While we called Bros the best rom-com we’ve seen in at least the last decade (if not longer), the film struggled at the box office opening weekend, with the film's star, co-writer and executive producer, Billy Eichner, saying it’s “disappointing” that straight people in certain areas of the U.S. would not support the movie.

“What’s also true is that at one point a theater chain called Universal and said they were pulling the trailer because of the gay content,” Eichner tweeted out on Sunday. “That’s just the world we live in, unfortunately.”

“Even with glowing reviews, great Rotten Tomatoes scores, an A CinemaScore etc., straight people, especially in certain parts of the country, just didn’t show up for Bros. And that’s disappointing but it is what it is. Everyone who isn’t a homophobic weirdo should go see Bros tonight! You will have a blast! And it is special and uniquely powerful to see this particular story on a big screen, [especially] for queer folks who don’t get this opportunity often. I love this movie so much.”

Speaking to Variety at the Orpheum Theatre in Los Angeles at the Best in Drag Show, another one of the film’s stars, Dot-Marie Jones, echoed Eichner’s comments.

“I don’t know if it’s because it’s...LGBTQ,” Jones said. “It’s not contagious — f-ckin’ go see a movie, you know what I mean? It’s crazy.”

Luke Macfarlane and Billy Eichner in Universal Pictures movie Bros (Courtesy of TIFF)
Luke Macfarlane and Billy Eichner in Universal Pictures movie Bros (Courtesy of TIFF)

LGBTQ+ history: 'There's so much erasure'

In Bros, Billy Eichner plays Bobby Leiber, a sarcastic New York podcaster. Bobby is also trying to open the first LGBTQ+ history museum in the city, alongside his board, which includes characters played by Jim Rash, Dot-Marie Jones, Miss Lawrence, TS Madison and Eve Lindley.

Bobby is completely unimpressed with the online dating scene and dating app hookups, but when he goes to a club and meets Aaron (played by London, Ont., born Luke Macfarlane), who’s from a small town and is now a lawyer that manages wills and estates, Bobby's romantic life starts to change.

Attention to detail is definitely present in Bros, including several of the production design elements.

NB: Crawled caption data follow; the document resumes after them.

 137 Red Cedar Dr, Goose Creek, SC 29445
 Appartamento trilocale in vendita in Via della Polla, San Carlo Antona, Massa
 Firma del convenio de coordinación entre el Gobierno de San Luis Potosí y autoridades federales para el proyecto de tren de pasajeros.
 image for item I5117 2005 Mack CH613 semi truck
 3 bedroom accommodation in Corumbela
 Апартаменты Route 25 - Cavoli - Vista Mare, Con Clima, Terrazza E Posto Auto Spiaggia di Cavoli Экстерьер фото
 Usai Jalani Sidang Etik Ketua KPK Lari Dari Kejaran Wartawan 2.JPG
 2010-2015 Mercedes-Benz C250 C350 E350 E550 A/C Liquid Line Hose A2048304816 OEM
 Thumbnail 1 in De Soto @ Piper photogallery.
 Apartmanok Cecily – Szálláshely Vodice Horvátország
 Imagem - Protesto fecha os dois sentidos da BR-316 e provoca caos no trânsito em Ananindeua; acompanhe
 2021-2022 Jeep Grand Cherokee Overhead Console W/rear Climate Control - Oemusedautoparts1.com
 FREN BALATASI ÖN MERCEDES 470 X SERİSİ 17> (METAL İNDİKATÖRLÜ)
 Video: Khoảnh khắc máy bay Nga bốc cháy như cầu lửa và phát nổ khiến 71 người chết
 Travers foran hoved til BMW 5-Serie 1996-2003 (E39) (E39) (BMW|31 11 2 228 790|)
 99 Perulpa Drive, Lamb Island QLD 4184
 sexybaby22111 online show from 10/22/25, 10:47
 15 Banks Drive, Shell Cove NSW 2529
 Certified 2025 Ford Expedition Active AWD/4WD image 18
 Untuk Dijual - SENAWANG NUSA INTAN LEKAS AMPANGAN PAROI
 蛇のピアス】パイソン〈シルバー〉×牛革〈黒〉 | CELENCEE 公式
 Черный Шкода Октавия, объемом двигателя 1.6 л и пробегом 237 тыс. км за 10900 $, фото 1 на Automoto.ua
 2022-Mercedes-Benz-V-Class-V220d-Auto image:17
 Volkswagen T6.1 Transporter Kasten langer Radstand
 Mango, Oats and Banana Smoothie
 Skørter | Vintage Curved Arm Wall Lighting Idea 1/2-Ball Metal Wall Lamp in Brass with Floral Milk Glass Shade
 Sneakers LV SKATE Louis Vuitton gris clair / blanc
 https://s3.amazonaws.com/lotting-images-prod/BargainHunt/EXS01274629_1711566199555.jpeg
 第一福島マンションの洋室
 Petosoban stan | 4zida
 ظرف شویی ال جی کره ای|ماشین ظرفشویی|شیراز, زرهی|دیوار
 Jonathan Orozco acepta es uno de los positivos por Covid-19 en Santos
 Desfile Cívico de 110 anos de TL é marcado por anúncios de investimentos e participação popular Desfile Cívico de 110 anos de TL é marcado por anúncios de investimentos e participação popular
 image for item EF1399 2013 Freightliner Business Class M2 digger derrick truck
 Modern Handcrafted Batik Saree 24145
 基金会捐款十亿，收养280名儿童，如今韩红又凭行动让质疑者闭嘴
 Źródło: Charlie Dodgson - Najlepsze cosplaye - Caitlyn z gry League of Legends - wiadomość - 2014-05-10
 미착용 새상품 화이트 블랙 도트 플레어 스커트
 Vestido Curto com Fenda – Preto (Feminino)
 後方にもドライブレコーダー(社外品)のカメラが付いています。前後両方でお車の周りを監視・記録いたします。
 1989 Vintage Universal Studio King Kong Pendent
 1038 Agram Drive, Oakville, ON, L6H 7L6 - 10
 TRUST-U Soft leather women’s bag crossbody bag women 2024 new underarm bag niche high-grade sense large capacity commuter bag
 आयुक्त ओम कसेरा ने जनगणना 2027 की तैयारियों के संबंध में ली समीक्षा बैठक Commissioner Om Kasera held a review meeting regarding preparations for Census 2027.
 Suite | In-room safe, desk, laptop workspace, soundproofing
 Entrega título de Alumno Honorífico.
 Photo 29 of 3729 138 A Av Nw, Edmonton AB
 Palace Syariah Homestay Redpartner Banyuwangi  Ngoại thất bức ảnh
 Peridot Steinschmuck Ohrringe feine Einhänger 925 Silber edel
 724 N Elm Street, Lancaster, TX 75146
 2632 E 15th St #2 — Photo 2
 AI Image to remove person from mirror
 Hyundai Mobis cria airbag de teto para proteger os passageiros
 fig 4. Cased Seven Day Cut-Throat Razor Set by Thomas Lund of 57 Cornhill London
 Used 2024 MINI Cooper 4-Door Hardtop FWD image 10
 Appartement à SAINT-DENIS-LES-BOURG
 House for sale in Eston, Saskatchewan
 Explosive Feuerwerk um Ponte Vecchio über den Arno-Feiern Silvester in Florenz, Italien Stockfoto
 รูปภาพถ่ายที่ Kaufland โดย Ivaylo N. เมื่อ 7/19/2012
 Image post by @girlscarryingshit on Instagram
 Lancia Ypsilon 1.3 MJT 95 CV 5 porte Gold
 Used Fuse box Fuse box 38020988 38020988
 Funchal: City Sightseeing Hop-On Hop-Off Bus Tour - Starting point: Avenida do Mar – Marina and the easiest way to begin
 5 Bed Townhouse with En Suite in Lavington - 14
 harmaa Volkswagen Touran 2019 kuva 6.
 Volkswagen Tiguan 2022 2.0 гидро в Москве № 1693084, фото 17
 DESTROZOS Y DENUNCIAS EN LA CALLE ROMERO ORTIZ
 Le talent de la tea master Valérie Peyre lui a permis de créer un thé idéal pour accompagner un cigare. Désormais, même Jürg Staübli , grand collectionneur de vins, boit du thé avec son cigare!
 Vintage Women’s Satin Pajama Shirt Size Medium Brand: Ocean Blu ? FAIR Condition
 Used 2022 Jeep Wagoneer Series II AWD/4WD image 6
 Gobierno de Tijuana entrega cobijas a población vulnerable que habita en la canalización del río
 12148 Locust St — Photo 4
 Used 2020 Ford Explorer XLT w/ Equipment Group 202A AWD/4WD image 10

To build the LGBTQ+ history museum for the film, for example, production designer Lisa Myers worked to pick out a representative group of people in history to feature, and even had real, historically accurate information about them in the film.

“It was a very collaborative environment in the sense that they were super open to ideas,...my initial lists are hundreds of people…and we kind of narrowed it down to feel like we had an interesting group of historical figures that stretched a broad scope and represented a lot of different people,” Myers told Yahoo Canada. “What I came up against a lot [were] clearance issues,...it's hard to find, sometimes, specifically accurate research or record keeping about queer people throughout history, there's so much erasure there.”

“We wrote all of the blurbs specifically, so if you like zoomed in while you're watching the movie, all the blurbs are actually accurate information about the historical figures. But we also needed images, and images were really hard to come by.”

Photo by: NDZ/STAR MAX/IPx 2022 9/20/22 Luke Macfarlane and Billy Eichner at the premiere of Universal Pictures's
Photo by: NDZ/STAR MAX/IPx 2022 9/20/22 Luke Macfarlane and Billy Eichner at the premiere of Universal Pictures's "Bros" at AMC Lincoln Square Theater on September 20, 2022 in New York.

'I want this film to succeed on every every level possible'

Making history as the first gay romantic comedy from a major movie studio, with Universal Pictures, everyone involved in the production was very committed to making this film fantastic, and they very much succeeded.

“I won't take a project unless I know I'm going to be super invested, and that was absolutely equal enthusiasm, if not more, coming from everyone involved,” Myers said. “We all wanted to do the community right and be super representative, and inclusive.”

“As a member of the queer community, I know Billy felt this as well, I just really wanted to represent well. My biggest thing was like, 'Oh my gosh, I’ve got to knock this out of the park, I've got to really represent the community well and show a lot of different people, and just make it a beautiful film to look at, because I want this film to succeed on every every level possible.'”

Jim Rash, who famously played Dean Pelton in Community and won an Oscar for Best Adapted Screenplay for The Descendants in 2012, also stressed how much he loved being part of this film.

“To be a part of a movie that is something that we didn't grow up with,...that we can see all this representation on the screen and then just be a funny movie, I think that's what's so beautiful about this love story,” Rash told Yahoo Canada during the Toronto International Film Festival (TIFF) in September. “When you gather to make someone's movie, a screenplay that they've toiled with and then to know so much of it is pulled from Billy and what he wants to say with this movie, you rally behind that person.”

No matter what the box office numbers say, Bros is a beautifully hysterical film that everyone should see, and we hope more people go to the theatre to experience how great this rom-com really is.